JERUSALEM QUARTET PRESENTS SATISFYING LINEUP OF MOZART, SCHUMANN AND SCHULHOFF (REVIEW)
By MARK SATOLA
SHAKER HEIGHTS, Ohio -- At twenty-something years old, the Jerusalem Quartet is a fairly young ensemble, as things go in the music world. Since it came together in 1993, the quartet has seen only one change in personnel, while consistently earning high praise from audiences and reviewers around the world for its characteristic sound and artistry.
Tuesday night at Plymouth Church in Shaker Heights, they returned to Northeast Ohio under the auspices of the Cleveland Chamber Music Society for a well-balanced program spanning a couple of centuries. If the lineup of works by Mozart, Schumann and Erwin Schulhoff seemed a little like a musical food pyramid (one quartet each from the Classical and Romantic eras, with a bit of exotic spice from the early 20th century), the total effect was satisfying, and demonstrated the quartet's ability to convincingly inhabit eclectic repertoire.
The Jerusalem Quartet has a warm and silken tone, which they deploy with a noteworthy nimbleness as they navigate the contrapuntal complexities of the various works they play.
That nimbleness served them especially well in Mozart's String Quartet in G major, K. 387, one of a number of such works that Mozart wrote in response to Haydn's Op. 33 quartets of 1781. Like the music of the Mannheim composers that had similarly inspired Mozart, Haydn's quartets represented a leap forward in the form, which in his hands became a musical conversation among equals.
The conversation in Mozart's G major quartet is both amiable and lively, and the Jerusalem Quartet's performance emphasized the individuality of each voice. Mozart gave the second violin much to do, and second violinist Sergei Bresler rose to the occasion; while violist Ori Kam, the newest member, displayed a strikingly rich tone in his parts: full-voiced and well-shaped, with a sound that Mozart, who himself preferred playing viola in chamber works, would have applauded.

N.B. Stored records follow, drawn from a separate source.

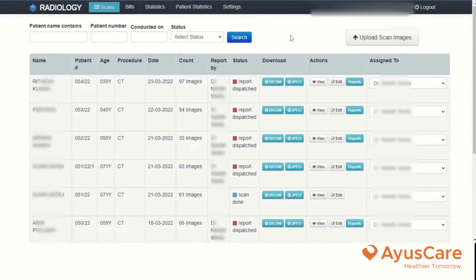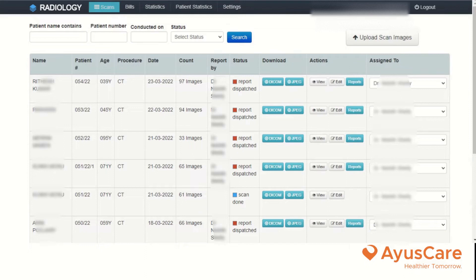Once you login, you will be presented with all the patients whichever you have consulted. Here you can see the name of the patient, age of the patient, procedure conducted — here it is CT — date of the procedure conducted, number of images generated, who has done the report, report status, and also for a patient there will be two things to be done called Dicom and JPEG.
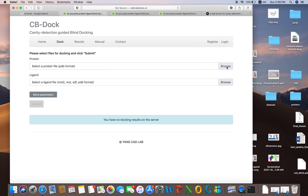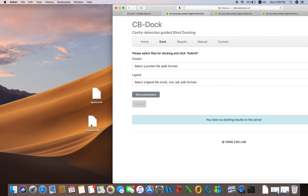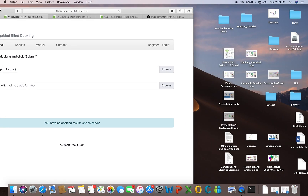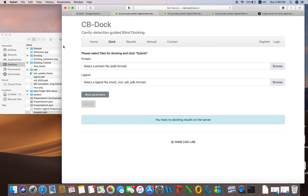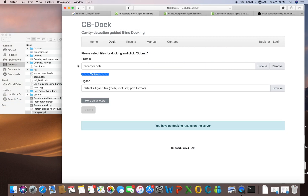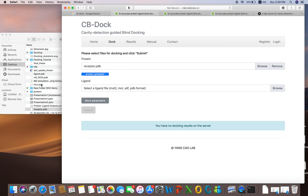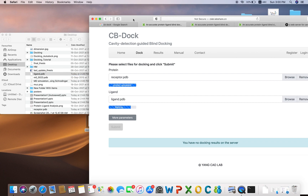We are going to dock our protein and ligands. If you have any protein you can upload it here. I have uploaded my receptor — this is my receptor present on the desktop. I have also a ligand, and both of them are present in PDB format. The server has an automated OpenBabel as well.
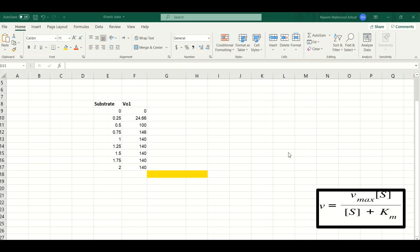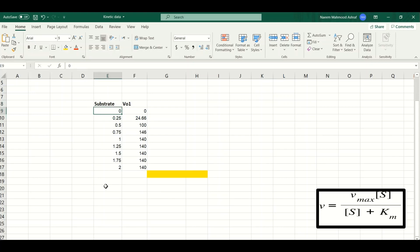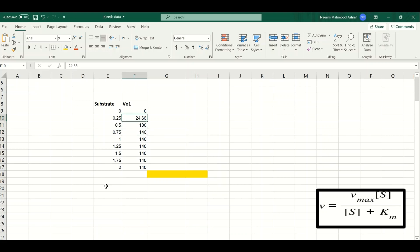To calculate the Vmax and the Km we have two variables: substrate concentration and an experimentally determined initial velocity, or v0. You can see here that the substrate concentration varies from 0 to 0.25, 0.5, 0.75, and so on. At these different concentrations of the substrate we are observing a different velocity of the enzyme, or v0.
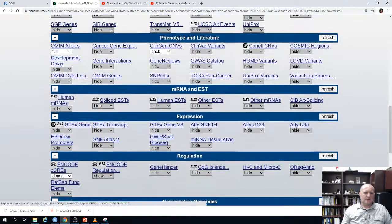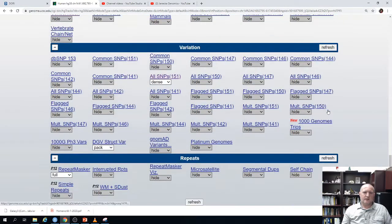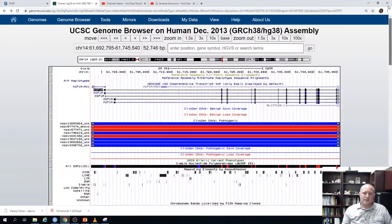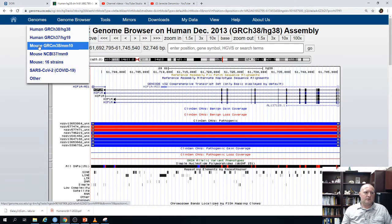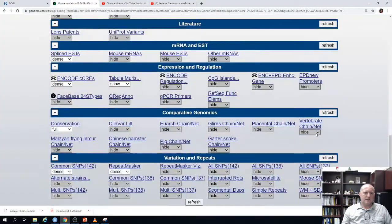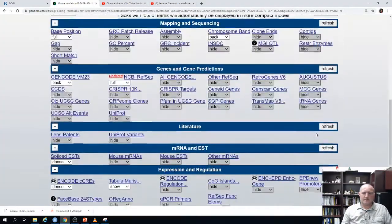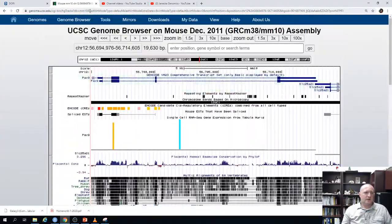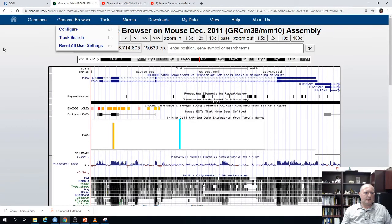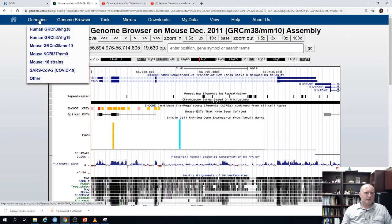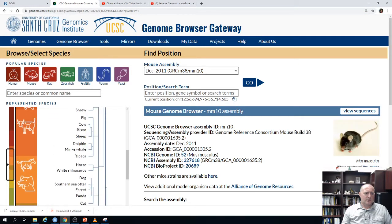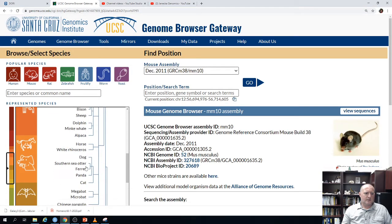There's just a rich amount of information available for the human genome. If we go to a different genome, there will be fewer tracks. For example, going to mouse, you'll see many tracks but not as many as in human. Let's look at one that's not as well studied — let's go to hedgehog and take a look at the hedgehog genome.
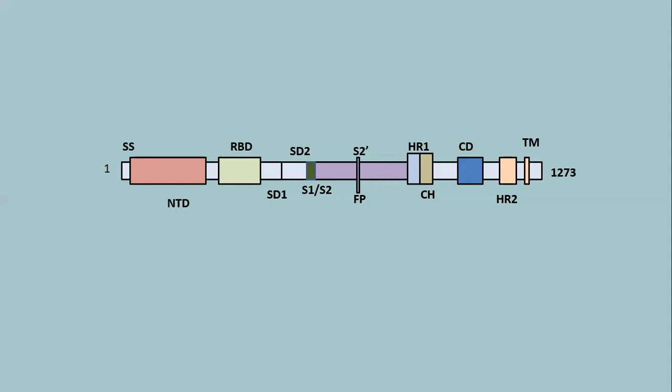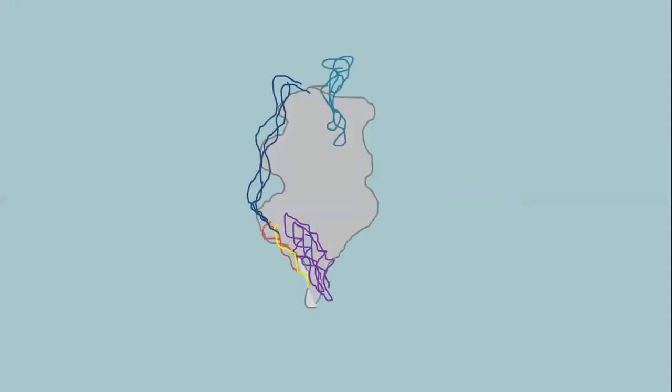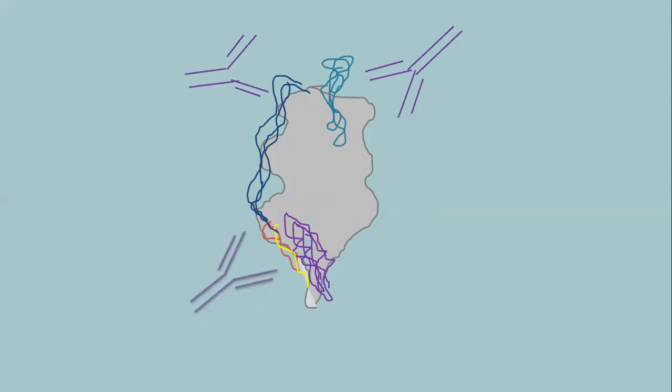Let's see which parts can be recognized by our immune system — used as antigens to produce antibodies against them. This is the three-dimensional structure of the spike protein. Upon proper folding it gets this type of structure. From plasma samples of infected individuals, we can find there are three different sites of the spike protein where antibodies are being developed.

The music of Erwin Schulhoff, a highly gifted Czech composer who was murdered by the Nazis, is heard with increasing frequency of late. His Five Pieces for String Quartet demonstrate why. At once challenging and exciting for both players and listeners, the five dance-inspired movements make great virtuosic demands on the ensemble, while expanding the artistic breadth of the dances well beyond their café origins.
The Jerusalem Quartet was superlative here, meeting Schulhoff's considerable demands with ease and aplomb. Especially effective was the fourth piece, Alla Tango Milonga, which, despite its gentle tango rhythm, was emotionally miles away from Argentina. The quartet played this sad little essay in longing with such feeling that the effect was magical.
Composers such as Mendelssohn, Schumann and Brahms, following upon the architectural monuments of Beethoven's string quartets, took a more symphonic approach to their own quartets, retaining the contrapuntal subtleties of the Classical era but putting the emphasis on the musical argument. Schumann's String Quartet in A major, Op 41 No, 3, exemplified this aptly.
It also afforded the Jerusalem Quartet the chance to display a protean ability to inhabit disparate sound-worlds. In their hands, Schumann's quartet was lively and sonically rich, and thanks to their cohesive approach (and no-nonsense tempos), played out rather like a single-movement work with four discrete sections.
The audience applauded long enough for the quartet to return with an encore, which in this case was the slow movement from Debussy's Quartet in G minor, rendered with such tonal sensitivity that it seemed a shame that the entire work was not being played.